Anonymous Monk has asked for the wisdom of the Perl Monks concerning the following question:

How do I parse a string containing nested functions with parameters, e.g.
Example 1: A(B(2)) Example 2: A(B(2)+C(D()))
I need to find matching pairs of parenthesis and call a sub that expands each function. My first attempt was to use recursion and a regex with greedy search. This works for example 1, but fails for example 2 because the regex does not find the matching parenthesis:
#!/usr/bin/perl -wT # example 1 my $text = "A(B(2))"; $text = doFunc( "MAIN", $text ); print "Example 1: $text\n"; # example 2 $text = "A(B(2)+C(D()))"; $text = doFunc( "MAIN", $text ); # this fails! print "Example 2: $text\n"; sub doFunc { my( $theFunc, $theParam ) = @_; # FIXME: greedy match fails with: 'TT(TT()+TT(TT()))' $theParam =~ s/([A-Z]+)\((.*)\)/&doFunc($1,$2)/geo; my $result = ""; if( $theFunc eq "MAIN" ) { $result = $theParam; } else { # dummy switch here for demonstration # this would be an elsif for each function $result = "func $theFunc returns <$theParam>"; } return $result; }
Any help is greatly appreciated.
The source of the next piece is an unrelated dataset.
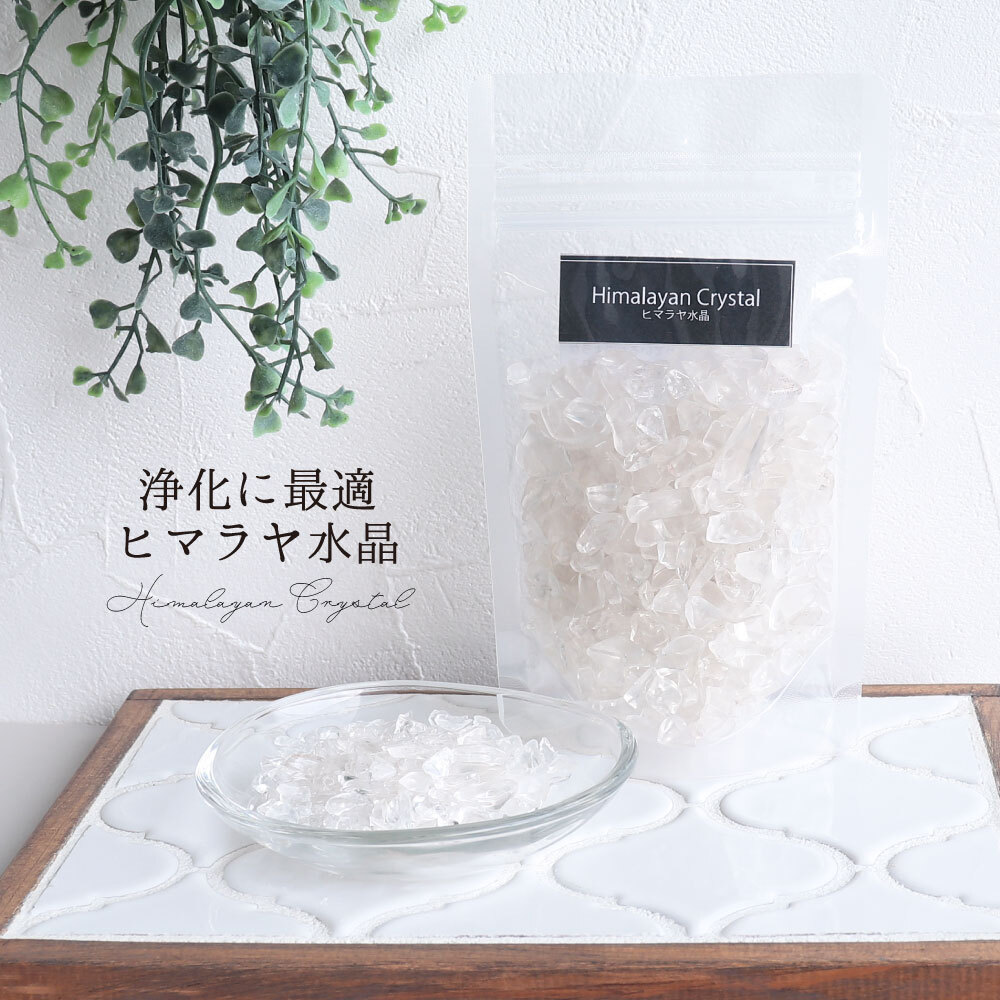 パワーストーン 天然石 浄化セット6点セット 水晶 モリオン さざれ石 クラスター ポイント水晶 ホワイトセージ パワースポット サ行 送料無料最強の魔除け パワーストーン 簡単 浄化セット ロータス Lサイズ モリオン さざれ 黒水晶 空間浄化セット 厄除け 七色 除災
Thanks!

Replies are listed 'Best First'.
Re: How to find matching pairs
by ajwans (Scribe) on Mar 12, 2002 at 02:18 UTC
    This kind of thing cannot be specified by regular expressions except in the trivial case where you only have one pair of brackets. In order to properly specify and parse complex expressions you could use Damian Conway's excellent Parse::RecDescent.

    Using this you can specify your input as a context free grammar. Your grammar would probably be something like

    start: expression expression: expression m/[+-/*]/ expression '(' expression ')' function '(' expression ')' identifier number


    There is an excellent FAQ on Parse::RecDescent available on the web.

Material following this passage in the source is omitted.